Re: [PATCH v6 10/16] mm: replace vm_lock and detached flag with a reference count

From: Suren Baghdasaryan
Date: Sun Dec 22 2024 - 22:04:12 EST


On Thu, Dec 19, 2024 at 10:55 AM Liam R. Howlett
<Liam.Howlett@xxxxxxxxxx> wrote:
>
> * Peter Zijlstra <peterz@xxxxxxxxxxxxx> [241219 13:47]:
> > On Thu, Dec 19, 2024 at 01:18:23PM -0500, Liam R. Howlett wrote:
> >
> > > > For RCU lookups only the mas tree matters -- and its left present there.
> > > >
> > > > If you really want to block RCU readers, I would suggest punching a hole
> > > > in the mm_mt. All the traditional code won't notice anyway, this is all
> > > > with mmap_lock held for writing.
> > >
> > > We don't want to block all rcu readers, we want to block the rcu readers
> > > that would see the problem - that is, anyone trying to read a particular
> > > area.
> > >
> > > Right now we can page fault in unpopulated vmas while writing other vmas
> > > to the tree.

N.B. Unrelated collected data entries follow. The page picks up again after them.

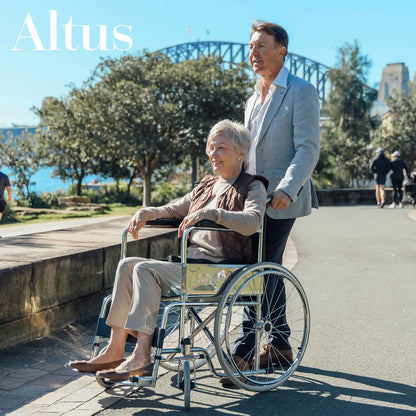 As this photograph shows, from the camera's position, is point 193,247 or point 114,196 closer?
point 193,247

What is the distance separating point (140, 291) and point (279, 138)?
129cm

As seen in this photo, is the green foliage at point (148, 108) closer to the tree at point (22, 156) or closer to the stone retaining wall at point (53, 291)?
the tree at point (22, 156)

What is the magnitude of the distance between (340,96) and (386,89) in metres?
163

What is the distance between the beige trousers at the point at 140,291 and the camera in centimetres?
335

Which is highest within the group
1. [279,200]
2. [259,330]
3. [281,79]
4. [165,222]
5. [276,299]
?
[281,79]

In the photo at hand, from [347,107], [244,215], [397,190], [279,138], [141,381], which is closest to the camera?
[141,381]

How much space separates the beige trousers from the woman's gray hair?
722 mm

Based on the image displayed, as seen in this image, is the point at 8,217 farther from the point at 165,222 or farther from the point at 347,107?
the point at 347,107

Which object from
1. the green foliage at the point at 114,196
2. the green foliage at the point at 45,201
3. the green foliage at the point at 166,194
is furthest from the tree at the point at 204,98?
the green foliage at the point at 45,201

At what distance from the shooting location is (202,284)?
3479 millimetres

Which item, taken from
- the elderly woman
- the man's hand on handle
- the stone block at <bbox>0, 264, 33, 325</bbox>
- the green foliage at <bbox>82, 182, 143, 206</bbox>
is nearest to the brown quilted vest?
the elderly woman

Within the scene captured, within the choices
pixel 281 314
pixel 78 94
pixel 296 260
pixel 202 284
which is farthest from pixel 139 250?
pixel 78 94

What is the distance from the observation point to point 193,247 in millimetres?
3754

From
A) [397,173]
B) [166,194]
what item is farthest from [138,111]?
[397,173] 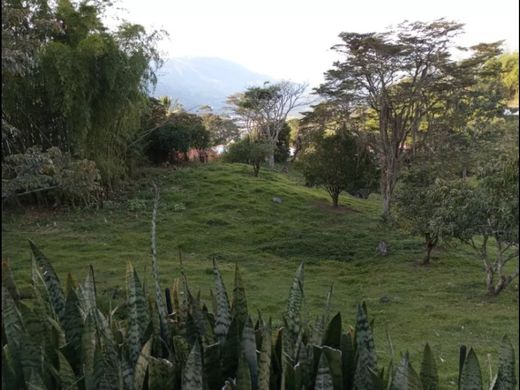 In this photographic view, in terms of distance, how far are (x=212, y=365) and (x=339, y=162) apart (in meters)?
13.1

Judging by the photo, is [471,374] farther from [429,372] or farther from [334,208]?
[334,208]

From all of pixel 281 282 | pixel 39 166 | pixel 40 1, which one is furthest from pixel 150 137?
pixel 39 166

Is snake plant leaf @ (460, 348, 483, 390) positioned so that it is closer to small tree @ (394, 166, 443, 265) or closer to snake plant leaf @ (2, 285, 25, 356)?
snake plant leaf @ (2, 285, 25, 356)

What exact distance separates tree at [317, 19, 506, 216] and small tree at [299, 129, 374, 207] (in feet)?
1.71

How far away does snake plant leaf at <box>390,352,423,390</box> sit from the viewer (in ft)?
4.58

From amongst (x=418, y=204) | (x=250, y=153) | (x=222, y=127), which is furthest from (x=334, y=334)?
(x=222, y=127)

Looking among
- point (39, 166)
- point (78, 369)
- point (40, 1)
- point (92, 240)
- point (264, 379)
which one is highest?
point (40, 1)

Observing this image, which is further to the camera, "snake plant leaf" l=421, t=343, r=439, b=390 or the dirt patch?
the dirt patch

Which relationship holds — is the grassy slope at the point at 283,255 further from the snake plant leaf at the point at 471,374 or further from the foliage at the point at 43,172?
the snake plant leaf at the point at 471,374

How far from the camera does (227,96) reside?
3056 centimetres

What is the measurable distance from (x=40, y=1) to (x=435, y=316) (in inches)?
390

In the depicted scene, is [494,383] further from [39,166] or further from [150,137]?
[150,137]

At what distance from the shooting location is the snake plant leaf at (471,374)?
145 centimetres

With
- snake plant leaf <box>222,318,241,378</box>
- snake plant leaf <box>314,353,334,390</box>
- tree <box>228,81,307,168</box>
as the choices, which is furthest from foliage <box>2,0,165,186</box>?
tree <box>228,81,307,168</box> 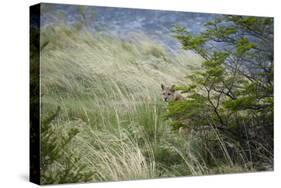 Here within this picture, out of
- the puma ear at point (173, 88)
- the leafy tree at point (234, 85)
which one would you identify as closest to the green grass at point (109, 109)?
the puma ear at point (173, 88)

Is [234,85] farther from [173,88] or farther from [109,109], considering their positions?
[109,109]

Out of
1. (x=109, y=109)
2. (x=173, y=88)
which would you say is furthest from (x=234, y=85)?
(x=109, y=109)

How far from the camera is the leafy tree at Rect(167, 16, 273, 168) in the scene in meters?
10.7

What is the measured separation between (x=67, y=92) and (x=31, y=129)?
764 millimetres

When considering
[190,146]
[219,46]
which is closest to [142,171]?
[190,146]

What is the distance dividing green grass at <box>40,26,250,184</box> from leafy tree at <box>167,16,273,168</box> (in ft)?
0.83

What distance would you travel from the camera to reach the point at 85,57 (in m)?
9.77

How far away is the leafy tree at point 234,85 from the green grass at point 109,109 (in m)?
0.25

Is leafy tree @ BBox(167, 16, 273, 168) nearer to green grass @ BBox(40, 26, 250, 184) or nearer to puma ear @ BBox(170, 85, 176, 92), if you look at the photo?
puma ear @ BBox(170, 85, 176, 92)

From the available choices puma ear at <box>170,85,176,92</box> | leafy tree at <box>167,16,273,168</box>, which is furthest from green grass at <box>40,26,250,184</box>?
leafy tree at <box>167,16,273,168</box>

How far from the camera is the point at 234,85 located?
1104 centimetres

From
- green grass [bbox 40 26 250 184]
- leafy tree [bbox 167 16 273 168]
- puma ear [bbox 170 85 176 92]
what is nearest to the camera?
green grass [bbox 40 26 250 184]

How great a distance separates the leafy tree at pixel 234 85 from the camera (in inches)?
422

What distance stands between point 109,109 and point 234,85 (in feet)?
7.56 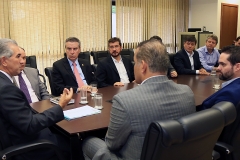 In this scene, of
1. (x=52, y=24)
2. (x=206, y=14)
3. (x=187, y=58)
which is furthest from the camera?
(x=206, y=14)

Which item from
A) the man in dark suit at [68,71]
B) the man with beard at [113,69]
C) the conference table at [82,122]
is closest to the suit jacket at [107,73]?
the man with beard at [113,69]

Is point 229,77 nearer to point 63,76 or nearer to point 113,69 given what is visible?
point 113,69

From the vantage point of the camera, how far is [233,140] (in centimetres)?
176

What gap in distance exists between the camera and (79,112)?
2.08 m

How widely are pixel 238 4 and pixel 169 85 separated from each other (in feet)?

We are also moving more users to rcu reading to use the
> > > vmas they need without waiting on writes to finish.
> > >
> > > Maybe I don't understand your suggestion, but I would think punching a
> > > hole would lose this advantage?
> >
> > My suggestion was to remove the range stuck in mas_detach from mm_mt.
> > That is exactly the affected range, no?
>
> Yes.
>
> But then looping over the vmas will show a gap where there should not be
> a gap.
>
> If we stop rcu readers entirely we lose the advantage.
>
> This is exactly the issue that the locking dance was working around :)

IOW we write-lock the entire range before removing any part of it for
the whole transaction to be atomic, correct?


Peter, you suggested the following pattern for ensuring vma is
detached with no possible readers:

vma_iter_store()
vma_start_write()
vma_mark_detached()

What do you think about this alternative?

vma_start_write()
...
vma_iter_store()
vma_mark_detached()
vma_assert_write_locked(vma)
if (unlikely(!refcount_dec_and_test(&vma->vm_refcnt)))
vma_start_write()

The second vma_start_write() is unlikely to be executed because the
vma is locked, vm_refcnt might be increased only temporarily by
readers before they realize the vma is locked and that's a very narrow
window. I think performance should not visibly suffer?
OTOH this would let us keep current locking patterns and would
guarantee that vma_mark_detached() always exits with a detached and
unused vma (less possibilities for someone not following an exact
pattern and ending up with a detached but still used vma).

>